• **Record excerpts**
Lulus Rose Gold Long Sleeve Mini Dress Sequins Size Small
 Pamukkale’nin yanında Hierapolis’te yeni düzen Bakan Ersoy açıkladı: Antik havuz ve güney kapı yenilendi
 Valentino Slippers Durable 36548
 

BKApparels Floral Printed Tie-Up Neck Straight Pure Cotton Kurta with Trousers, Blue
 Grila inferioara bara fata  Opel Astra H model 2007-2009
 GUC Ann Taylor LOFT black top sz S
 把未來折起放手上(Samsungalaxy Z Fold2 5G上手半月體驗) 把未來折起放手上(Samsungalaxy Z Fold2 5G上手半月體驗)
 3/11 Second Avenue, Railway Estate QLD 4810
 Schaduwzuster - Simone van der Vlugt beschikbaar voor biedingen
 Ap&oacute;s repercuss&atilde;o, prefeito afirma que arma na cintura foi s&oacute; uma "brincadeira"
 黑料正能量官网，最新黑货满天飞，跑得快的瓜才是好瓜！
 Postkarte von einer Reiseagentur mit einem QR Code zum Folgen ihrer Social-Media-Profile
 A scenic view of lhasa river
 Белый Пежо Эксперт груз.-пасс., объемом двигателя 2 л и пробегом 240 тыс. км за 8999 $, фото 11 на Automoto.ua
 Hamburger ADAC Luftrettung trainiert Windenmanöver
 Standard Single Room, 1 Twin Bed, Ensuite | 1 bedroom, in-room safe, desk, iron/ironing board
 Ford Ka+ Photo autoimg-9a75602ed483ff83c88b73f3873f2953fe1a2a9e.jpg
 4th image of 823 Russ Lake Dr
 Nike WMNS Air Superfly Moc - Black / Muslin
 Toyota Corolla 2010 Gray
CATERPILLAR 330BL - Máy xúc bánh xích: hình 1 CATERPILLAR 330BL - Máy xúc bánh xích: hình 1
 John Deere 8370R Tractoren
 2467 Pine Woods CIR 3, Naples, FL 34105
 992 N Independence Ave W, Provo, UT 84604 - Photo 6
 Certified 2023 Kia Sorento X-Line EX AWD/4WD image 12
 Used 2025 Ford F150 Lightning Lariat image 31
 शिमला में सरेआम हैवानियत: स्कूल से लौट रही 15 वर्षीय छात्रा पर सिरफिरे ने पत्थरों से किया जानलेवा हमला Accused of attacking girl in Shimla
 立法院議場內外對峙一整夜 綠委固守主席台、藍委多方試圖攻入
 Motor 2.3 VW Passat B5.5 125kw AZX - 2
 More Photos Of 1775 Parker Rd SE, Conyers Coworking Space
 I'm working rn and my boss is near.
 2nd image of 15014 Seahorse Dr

• **Try it**
Starting with the line that contains "John Deere 8370R Tractoren", write out each line through the end of the listing, exactly as it appears, and include nothing else.

• **Solution to the problem**
 John Deere 8370R Tractoren
 2467 Pine Woods CIR 3, Naples, FL 34105
 992 N Independence Ave W, Provo, UT 84604 - Photo 6
 Certified 2023 Kia Sorento X-Line EX AWD/4WD image 12
 Used 2025 Ford F150 Lightning Lariat image 31
 शिमला में सरेआम हैवानियत: स्कूल से लौट रही 15 वर्षीय छात्रा पर सिरफिरे ने पत्थरों से किया जानलेवा हमला Accused of attacking girl in Shimla
 立法院議場內外對峙一整夜 綠委固守主席台、藍委多方試圖攻入
 Motor 2.3 VW Passat B5.5 125kw AZX - 2
 More Photos Of 1775 Parker Rd SE, Conyers Coworking Space
 I'm working rn and my boss is near.
 2nd image of 15014 Seahorse Dr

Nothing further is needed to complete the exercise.